● PROMPT: Using the records below, write out only the lines from the line containing "Today we will" up to and including the line containing "Hello good people!", exactly, with no pictures.

● DATA TO EXAMINE:
* * * * * * * * *

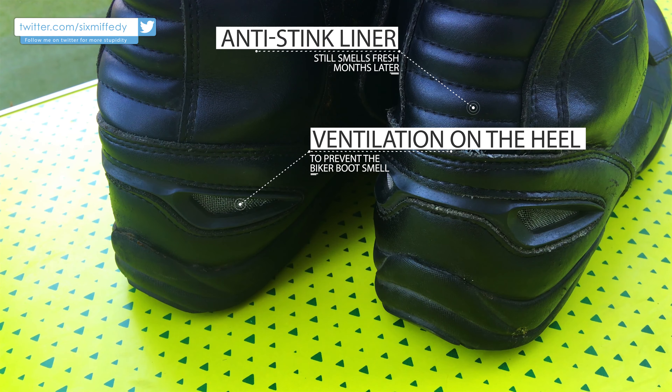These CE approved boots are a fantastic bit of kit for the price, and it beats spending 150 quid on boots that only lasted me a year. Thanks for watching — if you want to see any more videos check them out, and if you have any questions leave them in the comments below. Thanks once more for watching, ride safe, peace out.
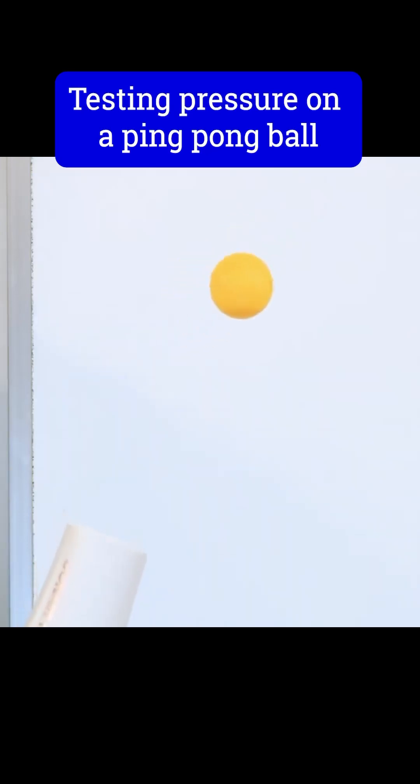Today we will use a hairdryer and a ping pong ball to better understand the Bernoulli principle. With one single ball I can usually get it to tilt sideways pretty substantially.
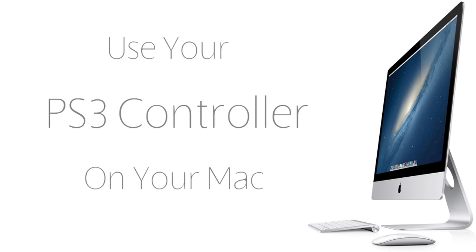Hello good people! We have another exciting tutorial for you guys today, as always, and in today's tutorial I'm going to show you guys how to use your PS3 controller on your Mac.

* * * * * * * * *

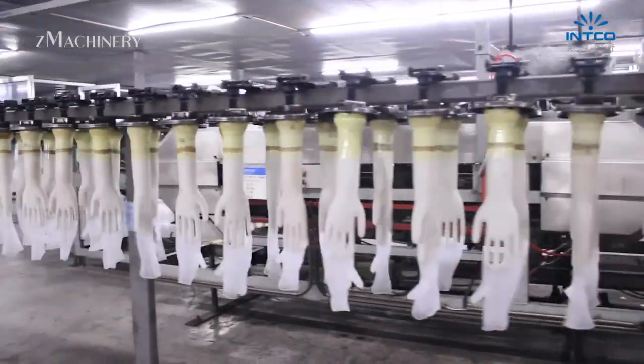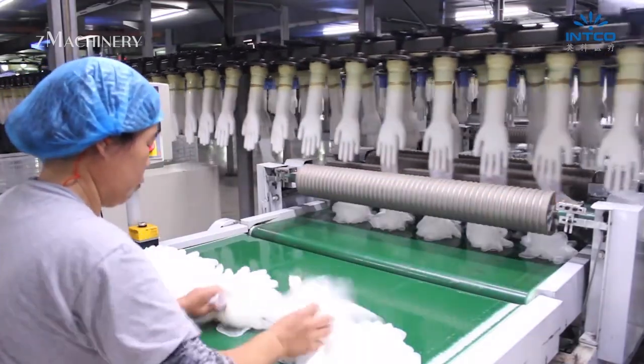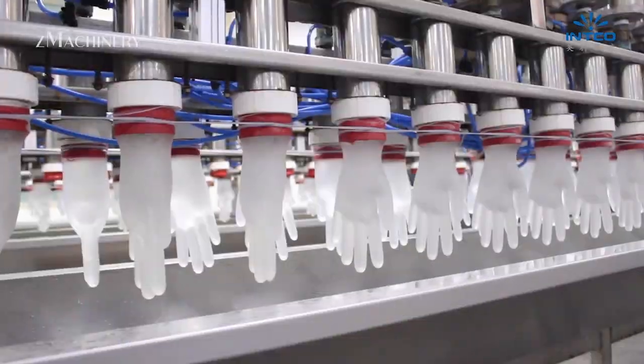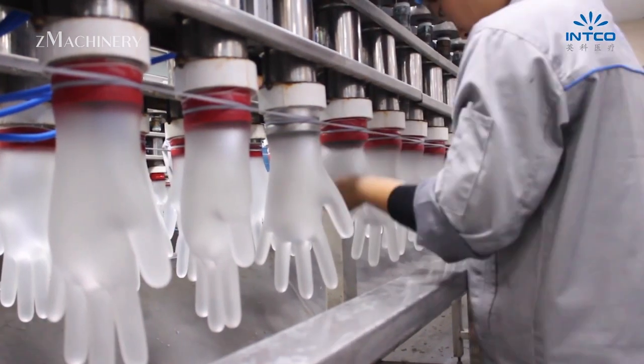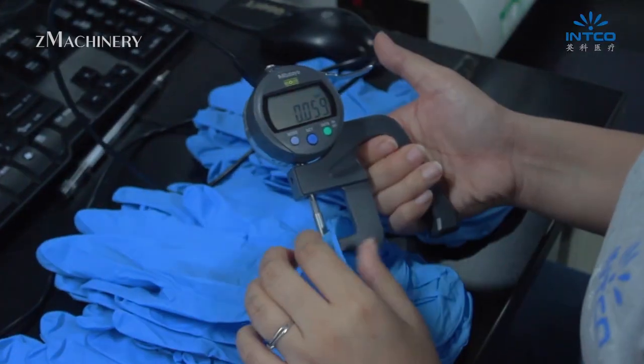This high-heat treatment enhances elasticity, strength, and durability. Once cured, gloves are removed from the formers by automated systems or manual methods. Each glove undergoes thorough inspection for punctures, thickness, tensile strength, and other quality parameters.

* * * * * * * * *

● SOLUTION BELOW:
Today we will use a hairdryer and a ping pong ball to better understand the Bernoulli principle. With one single ball I can usually get it to tilt sideways pretty substantially.
Hello good people! We have another exciting tutorial for you guys today, as always, and in today's tutorial I'm going to show you guys how to use your PS3 controller on your Mac.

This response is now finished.